On AMD64 compliant architectures, addresses need to be in canonical form before being dereferenced.
From the Intel manual, section 3.3.7.1:
In 64-bit mode, an address is considered to be in canonical form if address bits 63 through to the most-significant implemented bit by the microarchitecture are set to either all ones or all zeros.
Now, the most significat implemented bit on current operating systems and architectures is the 47th bit. This leaves us with a 48-bit address space.
Especially when ASLR is enabled, user programs can expect to receive an address with the 47th bit set.

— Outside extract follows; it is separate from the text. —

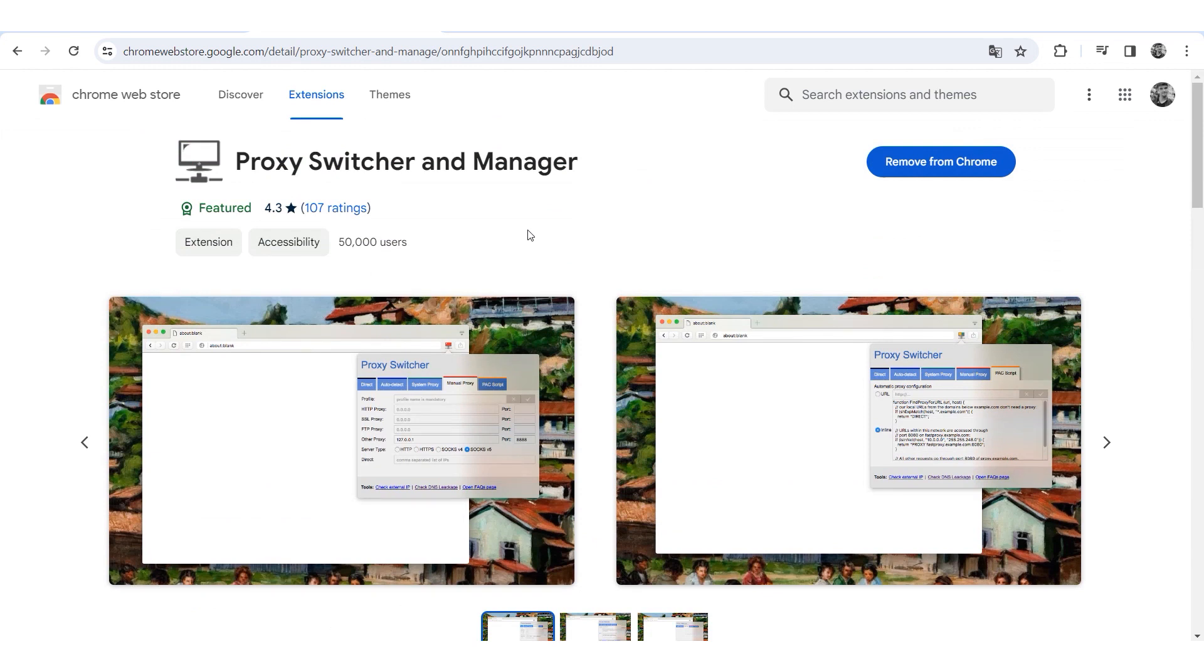Open the Chrome browser, go to the extension store and install the Proxy Switcher and Manager extension.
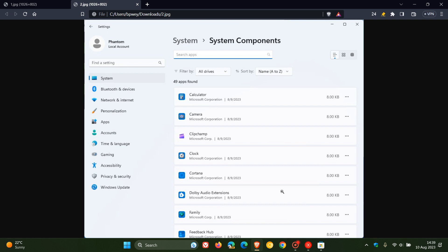So this, at this stage, this system components settings page is a hidden feature. And due to the fact that Microsoft is focusing a lot on showing users what are system apps and system components, I think there is a good chance that this will, in the near future, become an actual official feature that they will test.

If optimizations such as pointer tagging are used and the upper bits are used to store information, the program must make sure the 48th to 63th bits are set back to whatever the 47th bit was before dereferencing the address.
But consider this code:
int main()
{
int* intArray = new int[100];
int* it = intArray;
// Fill the array with any value.
for (int i = 0; i < 100; i++)
{
*it = 20;
it++;
}
delete [] intArray;
return 0;
}
Now consider that intArray
is, say:
0000 0000 0000 0000 0111 1111 1111 1111 1111 1111 1111 1111 1111 1111 1111 1100
After setting it
to intArray
and increasing it
once, and considering sizeof(int) == 4
, it will become:
0000 0000 0000 0000 1000 0000 0000 0000 0000 0000 0000 0000 0000 0000 0000 0000
The 47th bit is in bold. What happens here is that the second pointer retrieved by pointer arithmetic is invalid because not in canonical form. The correct address should be:
1111 1111 1111 1111 1000 0000 0000 0000 0000 0000 0000 0000 0000 0000 0000 0000
How do programs deal with this? Is there a guarantee by the OS that you will never be allocated memory whose address range does not vary by the 47th bit?